13 Fla. L. Weekly Supp. 364b
Insurance — Personal injury protection — Reconsideration — Where no final judgment has issued, trial court has authority to reconsider and modify or vacate order denying motion for summary judgment — Coverage — Medical provider — Unregistered clinic — Where medical provider operated from single structure or facility on date services were rendered to insured, provider was clinic which was required to register with state to recover claimed PIP benefits — Summary final judgment entered in favor of insurer
MILLENNIUM DIAGNOSTIC & IMAGING CENTER, INC., a/a/o Aleida A. Bilbau, Plaintiff(s), vs. STATE FARM MUTUAL AUTOMOBILE INSURANCE COMPANY, Defendant(s). County Court, 11th Judicial Circuit in and for Miami-Dade County, Civil Division. Case No. 05-11755-CC-05, Section No. (02). February 2, 2006. Linda Dakis, Administrative Judge. Counsel: Richard Shuster, Parwaresch & Shuster, LLC, Miami Beach. Steven R. Woods, Roig, Kasperovich, Tutan & Woods, P.A., Deerfield Beach.
ORDER GRANTING DEFENDANT’S MOTION FOR RECONSIDERATION AND SUMMARY FINAL JUDGMENT
THIS MATTER came before the Court on January 24, 2006 on defendant’s Motion for Reconsideration of a prior order dated July 2, 2002 executed by the Honorable Jeffrey Swartz. The Court finds:
1) Defendant’s Motion for Reconsideration is granted as the Order Denying Defendant’s Motion for Summary Judgment is interlocutory and therefore subject to modification or vacation. In this case, no Summary Final Judgment was issued and therefore, based on its inherent authority, the trial court can re-address any non-final matter. See, Bettez v. City of Miami, 510 So.2d 1242 (Fla. 3d DCA 1983) and Consortium for Diagnostic Inc. v. Cigna Insurance Company, 781 So.2d 1128 (Fla. 3d DCA 2001).

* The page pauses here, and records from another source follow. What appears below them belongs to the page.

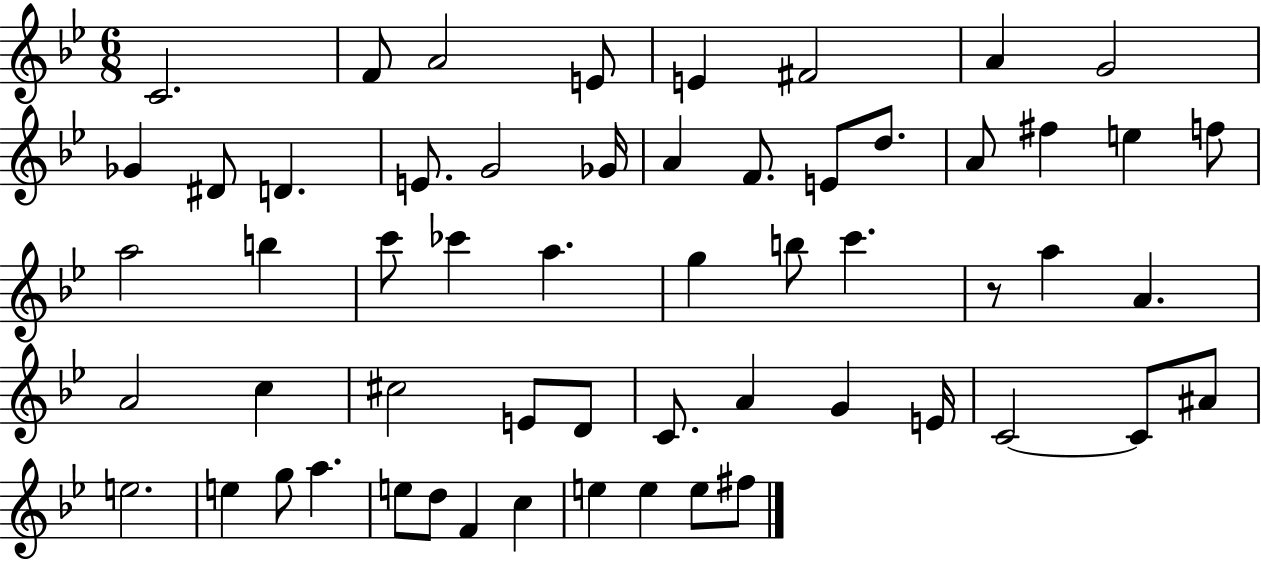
X:1
T:Untitled
M:6/8
L:1/4
K:Bb
C2 F/2 A2 E/2 E ^F2 A G2 _G ^D/2 D E/2 G2 _G/4 A F/2 E/2 d/2 A/2 ^f e f/2 a2 b c'/2 _c' a g b/2 c' z/2 a A A2 c ^c2 E/2 D/2 C/2 A G E/4 C2 C/2 ^A/2 e2 e g/2 a e/2 d/2 F c e e e/2 ^f/2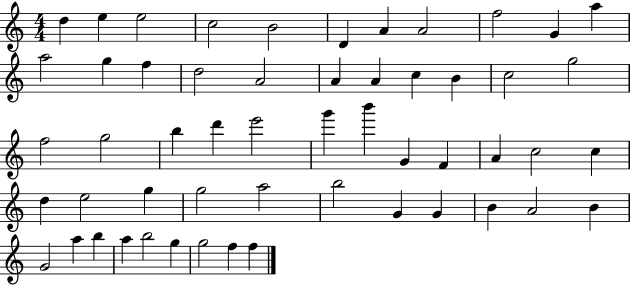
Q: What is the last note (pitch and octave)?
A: F5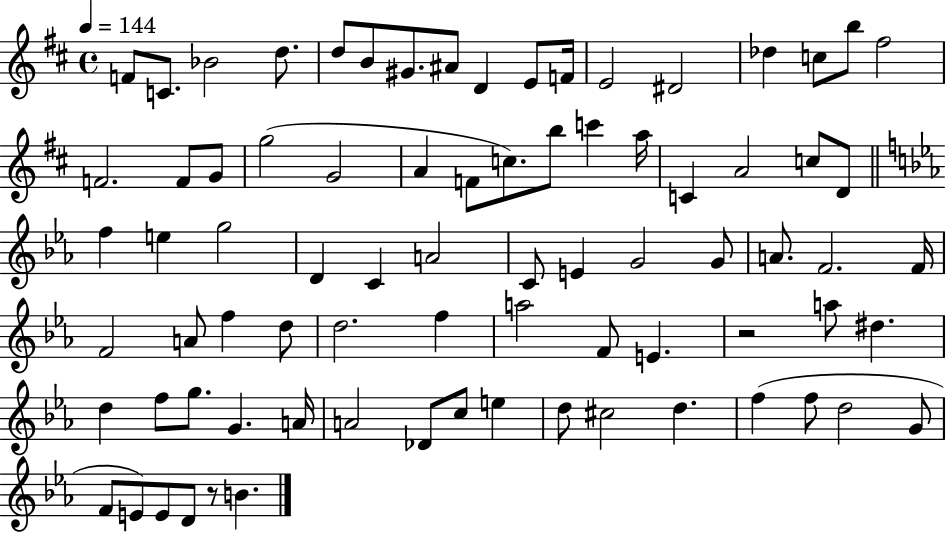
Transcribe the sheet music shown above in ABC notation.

X:1
T:Untitled
M:4/4
L:1/4
K:D
F/2 C/2 _B2 d/2 d/2 B/2 ^G/2 ^A/2 D E/2 F/4 E2 ^D2 _d c/2 b/2 ^f2 F2 F/2 G/2 g2 G2 A F/2 c/2 b/2 c' a/4 C A2 c/2 D/2 f e g2 D C A2 C/2 E G2 G/2 A/2 F2 F/4 F2 A/2 f d/2 d2 f a2 F/2 E z2 a/2 ^d d f/2 g/2 G A/4 A2 _D/2 c/2 e d/2 ^c2 d f f/2 d2 G/2 F/2 E/2 E/2 D/2 z/2 B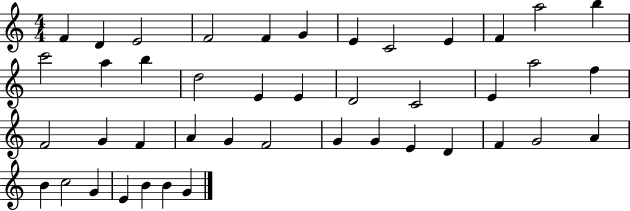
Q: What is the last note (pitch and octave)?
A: G4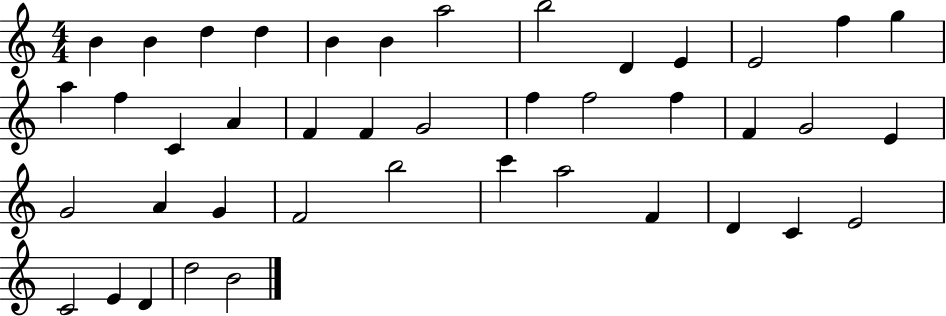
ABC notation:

X:1
T:Untitled
M:4/4
L:1/4
K:C
B B d d B B a2 b2 D E E2 f g a f C A F F G2 f f2 f F G2 E G2 A G F2 b2 c' a2 F D C E2 C2 E D d2 B2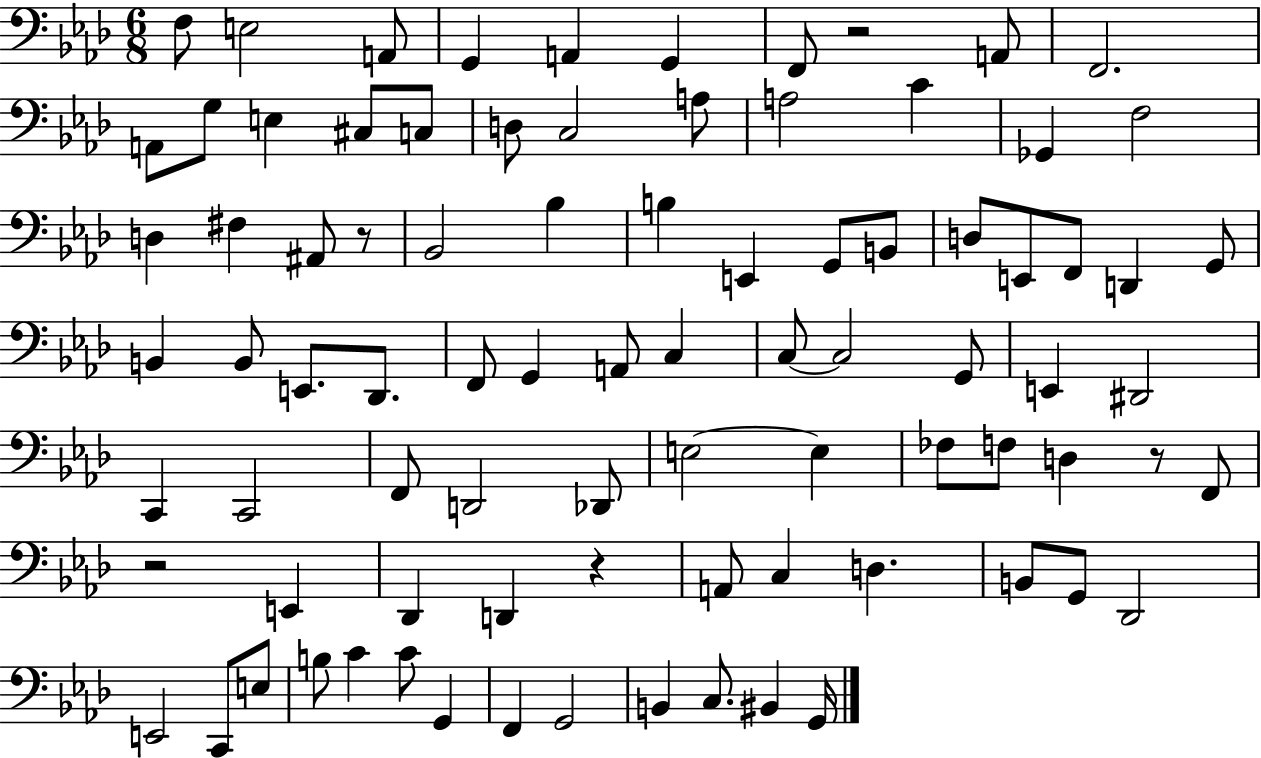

2) The sole issue is whether Millennium Diagnostic & Imaging Center, Inc., hereafter referred to as Millennium, was required to register with the State of Florida, Department of Health, pursuant to F.S. 456.0375 in order to recover PIP benefits for services rendered. In a suit to recover these benefits, the deposition of Jose Garcia, Vice President for Millennium, was taken on April 11, 2002. The deposition revealed that Millennium was registered on February 6, 2002; the dates of service to
A. Bilbau were from December 6, 2001 through December 10, 2001; Millennium had licenses for bio-medical waste and for the radiation machine; Millennium was not exempt from federal taxation; that Millennium operated from a single structure and was not wholly owned by licensed health care practitioners.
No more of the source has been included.